Il numero 2 sembra accompagnare la sorte di Edith Stein: nata alla fede cristiana il 1° gennaio 1922, durante la festa della Circoncisione di Gesù, martirizzata ad Auschwitz nel 1942. A 52 anni. Edith Stein riassume tutto: l’ebraismo e il cristianesimo, o forse solo Gesù, un ebreo osservante e, al tempo stesso, uno strano ebreo: un ebreo che trascende l’ebraismo per giungere alla pienezza di un’umanità totale, ricapitolativa, senza più religione, perché di ognuno.
Edith Stein fu la prima a svelare questa realtà scandalosa ancor oggi, l’appartenenza di Gesù al suo popolo, allora del tutto accantonata se non addirittura negata con forza. È stata di ognuno (e di ognuna) mantenendo la propria originalità.

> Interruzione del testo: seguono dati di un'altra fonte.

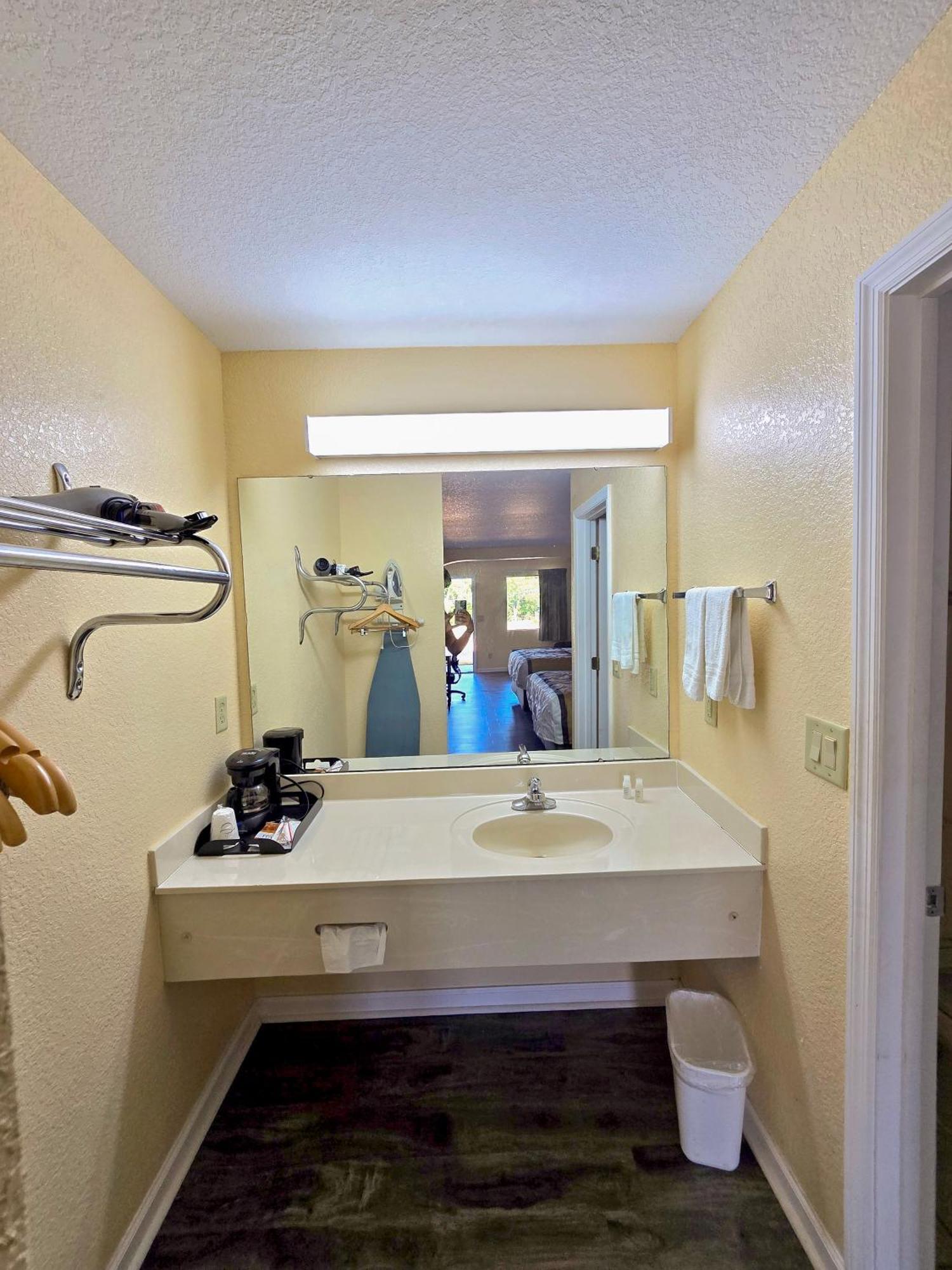 Garden Inn And Suites Near Callaway Gardens Pine Mountain Bagian luar foto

A lato: il fonte battesimale di Edith Stein nella cattedrale di Bad Berzagern. Sotto: un monumento alla filosofa.
Mi occupai di lei già
anni fa. Ma, in occasione del settantesimo della morte (cadrà, più precisamente, il 9 agosto prossimo) e del 90° del battesimo, in tempi, se non altrettanto calamitosi come quelli in cui le toccò vivere, senz’altro assai duri, funestati da miseria, violenza, intolleranza, misoginia e razzismo, la sua figura splende più attuale che mai. Giovanni Paolo II la beatificò nel 1998 dopo averla proclamata compatrona d’Europa, e fu una grande intuizione, perché Edith Stein (Teresa Benedetta della Croce dopo aver preso i voti come Carmelitana) impersona il dramma, la complessità, il cuore pulsante del nostro continente. La crisi dell’antropologia cristiana attuale può essere risolta a partire dal suo pensiero, dalla sua attenzione costante, direi costitutiva, alla natura della donna, al suo porla al centro della sua speculazione. Edith comprese che solo una “ruah” (spirito) femminile avrebbe potuto salvare il mondo. La “ruah” femminile, che altrove essa chiama empatia, è la capacità d’immedesimarsi negli altri, il dono di provare pietà e compassione, il compito d’educare la gioventù e la politica alla pace. La “ruah” femminile è collaborazione fattiva e paritaria con l’uomo. Edith pose al centro della sua riflessione anche la questione della sessualità, il significato profondo della relazione dei corpi – e spingeva a una corretta educazione sessuale nelle scuole già negli anni Trenta. Studiare la sua filosofia, oggi, significa non solo comprendere lo spirito e il dramma del
Novecento, ma le premesse per gettare una luce sulla realtà d’oggi: la tragedia dell’individualismo, la prevaricazione tra i sessi che diventa, in ultima analisi, dominio dell’uomo su qualsiasi altro essere vivente: donna, certo, ma anche natura. L’intelligenza “pura”, il raziocinio freddo può portare alla spersonalizzazione e alla spietatezza, e a un’oggettività forse più terribile perché impersonale: questo il rischio della maschilità non illuminata dalla grazia. E un abbandono totale alla vita istintiva, con rischio della castrazione dell’uomo che le è affidato: ecco il rischio della femminilità non guidata. Fonte della sua riflessione è la “donna forte” biblica.
Un ebraismo, il suo, mai rinnegato, anche dopo la conversione. Un ebraismo che la segna fino alla fine, fino al campetto di Auschwitz dove i prigionieri venivano fatti spogliare in attesa di andare a rinfrescarsi nelle “docce”. Chissà cos’ha pensato in quegli ultimi istanti, la filosofa che anni prima, inascoltata, aveva supplicato il Papa di pronunciare una netta parola di condanna contro i persecutori del suo popolo. Forse aveva già compreso che quella “scientia crucis” da lei elaborata, quell’assumersi del cristiano della passione di Cristo e dell’uomo reietto, toccava la sua persona in modo particolare, totale, ultimativo? In quegli anni spaventosi, Edith Stein è stata l’eterno ebreo, la sua parabola ha incarnato e s’è, diciamo, incistata nella vicenda d’un intero popolo e dell’intera umanità. Ma è stata anche – insieme, non malgrado – l’eterno Gesù e l’eterno Cristo, che proprio di lei, di una donna, in quell’epoca e in quel luogo, aveva assunto le sembianze.